Alix Didier Fils-Aimé, via le MENFP de Jacky Lumarque, lancera le premier événement majeur et l’un des moments les plus significatifs du système éducatif haïtien: le Baccalauréat!
Pour l’édition de 2026, il est prévu que les centres d’examens soient des espaces de neutralité, où la compétence et le sens des responsabilités prennent le pas sur toute autre considération.
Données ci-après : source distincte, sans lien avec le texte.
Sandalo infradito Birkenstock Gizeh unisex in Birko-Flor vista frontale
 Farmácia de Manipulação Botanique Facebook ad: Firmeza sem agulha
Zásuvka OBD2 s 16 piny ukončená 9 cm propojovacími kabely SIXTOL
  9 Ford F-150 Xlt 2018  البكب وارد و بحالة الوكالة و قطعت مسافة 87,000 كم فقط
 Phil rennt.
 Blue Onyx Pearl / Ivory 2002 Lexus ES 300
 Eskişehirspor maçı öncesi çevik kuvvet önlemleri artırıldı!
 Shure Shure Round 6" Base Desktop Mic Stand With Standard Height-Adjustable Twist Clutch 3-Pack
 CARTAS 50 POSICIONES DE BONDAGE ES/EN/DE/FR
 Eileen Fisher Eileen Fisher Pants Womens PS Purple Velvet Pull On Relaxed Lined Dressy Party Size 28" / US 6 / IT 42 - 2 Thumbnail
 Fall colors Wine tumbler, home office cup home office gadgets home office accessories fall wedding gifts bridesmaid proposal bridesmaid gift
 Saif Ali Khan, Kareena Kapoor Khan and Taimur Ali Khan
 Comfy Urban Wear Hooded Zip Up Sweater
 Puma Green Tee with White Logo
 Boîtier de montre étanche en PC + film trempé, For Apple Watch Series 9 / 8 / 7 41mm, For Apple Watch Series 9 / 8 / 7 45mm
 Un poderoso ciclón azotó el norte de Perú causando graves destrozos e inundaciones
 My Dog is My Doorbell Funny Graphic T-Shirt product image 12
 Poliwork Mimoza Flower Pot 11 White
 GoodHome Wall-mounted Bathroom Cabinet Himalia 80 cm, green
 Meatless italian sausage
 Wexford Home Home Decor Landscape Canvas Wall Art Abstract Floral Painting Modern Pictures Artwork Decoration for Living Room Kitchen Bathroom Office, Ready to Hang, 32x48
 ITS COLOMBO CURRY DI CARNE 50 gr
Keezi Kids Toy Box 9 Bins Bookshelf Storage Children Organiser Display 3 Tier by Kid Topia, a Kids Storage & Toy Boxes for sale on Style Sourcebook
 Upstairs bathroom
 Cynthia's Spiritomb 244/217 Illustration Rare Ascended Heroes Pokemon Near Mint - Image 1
Cependant, des remarques récurrentes accusent une politisation du processus à travers divers départements tels que le choix des surveillants et des superviseurs…
Comme le processus du choix des mandataires politiques, des proches du pouvoir ou de candidats soutenus par le pouvoir en place auraient choisi des surveillants, superviseurs entre autres, en fonction de leurs liens politiques plutôt que de leurs compétences. Certaines personnes choisies n’auraient pas les compétences requises pour bien faire cette mission. De plus, certains professeurs qui ne font pas partie du clan de Jacky Lumarque et Vijonet Déméro, Woodly Simon (Artibonite), Joram Vixamar (Nord) entre autres… auraient laissé de côté.
Les mesures prises par l’ancien ministre Nesmy Manigat pour réguler le recrutement du processus des examens sont une tentative de maintenir la crédibilité des examens d’État et de restreindre les influences politiques partisanes. Analyse Média a contacté certains professeurs exclus qui perçoivent les mesures prises antérieurement comme une garantie du processus basé sur le mérite.
Le baccalauréat ne saurait en aucun cas se transformer en un outil au service de la politique. Les centres d’examens ne doivent pas être vus comme des centres ni des bureaux de votes encore moins des endroits de récompense des militants et des sympathisants. L’avenir de nombreux jeunes repose sur des institutions impartiales, où seules les compétences, l’intégrité et la transparence sont prises en considération pour l’organisation des examens.